À l’origine de cette affaire, une publication de Gningue sur Facebook, qui a suscité de vives réactions. Devant le juge, il a tenté de minimiser la portée de ses propos. « Chacun interprète les choses à sa manière. Je n’ai insulté personne et ce n’était pas mon intention », a-t-il plaidé.
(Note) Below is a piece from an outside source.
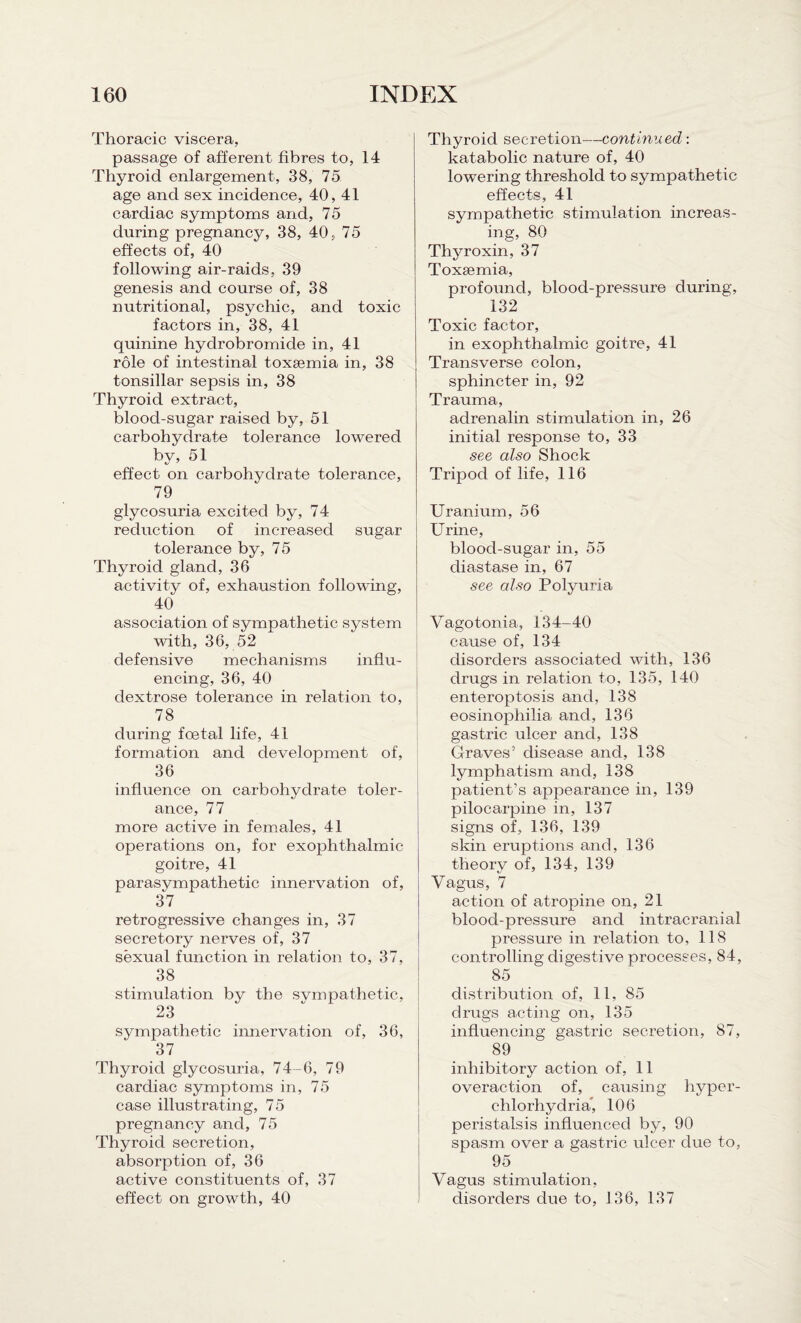 Thoracic viscera, passage of afferent fibres to, 14 Thyroid enlargement, 38, 75 age and sex incidence, 40, 41 cardiac symptoms and, 75 during pregnancy, 38, 40, 75 effects of, 40 following air-raids, 39 genesis and course of, 38 nutritional, psychic, and toxic factors in, 38, 41 quinine hydrobromide in, 41 role of intestinal toxaemia in, 38 tonsillar sepsis in, 38 Thyroid extract, blood-sugar raised by, 51 carbohydrate tolerance lowered by, 51 effect on carbohydrate tolerance, 79 glycosuria excited by, 74 reduction of increased sugar tolerance by, 75 Thyroid gland, 36 activity of, exhaustion following, 40 association of sympathetic system with, 36, 52 defensive mechanisms influ¬ encing, 36, 40 dextrose tolerance in relation to, 78 during foetal life, 41 formation and development of, 36 influence on carbohydrate toler¬ ance, 77 more active in females, 41 operations on, for exophthalmic goitre, 41 parasympathetic innervation of, 37 retrogressive changes in, 37 secretory nerves of, 37 sexual function in relation to, 37, 38 stimulation by the sympathetic, 23 sympathetic innervation of, 36, 37 Thyroid glycosuria, 74-6, 79 cardiac symptoms in, 75 case illustrating, 75 pregnancy and, 75 Thyroid secretion, absorption of, 36 active constituents of, 37 effect on growth, 40 Thyroid secretion—continued: katabolic nature of, 40 lowering threshold to sympathetic effects, 41 sympathetic stimulation increas¬ ing, 80 Thyroxin, 37 Toxsemia, profound, blood-pressure during, 132 Toxic factor, in exophthalmic goitre, 41 Transverse colon, sphincter in, 92 Trauma, adrenalin stimulation in, 26 initial response to, 33 see also Shock Tripod of life, 116 Uranium, 56 Urine, blood-sugar in, 55 diastase in, 67 see also Polyuria Vagotonia, 134-40 cause of, 134 disorders associated with, 136 drugs in relation to, 135, 140 enteroptosis and, 138 eosinophilia and, 136 gastric ulcer arid, 138 Graves’ disease and, 138 lymphatism and, 138 patient’s appearance in, 139 pilocarpine in, 137 signs of, 136, 139 skin eruptions and, 136 theory of, 134, 139 Vagus, 7 action of atropine on, 21 blood-pressure and intracranial pressure in relation to, 118 controlling digestive processes, 84, 85 distribution of, 11, 85 drugs acting on, 135 influencing gastric secretion, 87, 89 inhibitory action of, 11 overaction of, causing hyper- clilorhydria, 106 peristalsis influenced by, 90 spasm over a gastric ulcer due to, 95 Vagus stimulation, disorders due to, 136, 137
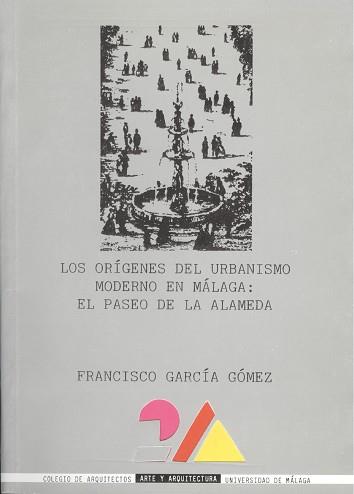 ORIGENES DEL URBANISMO MODERNO EN MALAGA: UN PASEO | 9788474962963 | GARCIA GOMEZ, FRANCISCO | Llibreria Aqualata | Comprar llibres en català i castellà online | Comprar llibres Igualada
Mais le procureur a immédiatement réagi, l’interrogeant sur l’usage du mot « thiapa », considéré comme une insulte en wolof. L’accusé a expliqué qu’il répondait à des menaces reçues en ligne. « Certains militants de Pastef disaient que je ne passerais pas la Korité chez moi. C’est devenu viral. J’ai répliqué en disant qu’Assane Seck avait tenu des propos encore plus graves », s’est-il défendu.
Le procureur n’a pas été convaincu par ces explications et a recadré sèchement l’activiste. « Hier, as-tu insulté ? Aujourd’hui, as-tu insulté ? Et demain, insulteras-tu encore ? Vous cherchez le buzz et réalisez trop tard les conséquences. ‘Thiapa’ est une insulte en wolof, inacceptable sur la place publique. Il est temps d’apprendre à peser vos mots », a-t-il chargé.
Estimant que les propos de Gningue étaient inappropriés et que, en tant que chroniqueur, il devait faire preuve de responsabilité, le procureur a requis une peine de six mois de prison, dont trois ferme.
Le tribunal rendra son verdict le 26 mars prochain. En attendant, Ardo Gningue reste en prison, lui qui est en détention depuis la semaine dernière.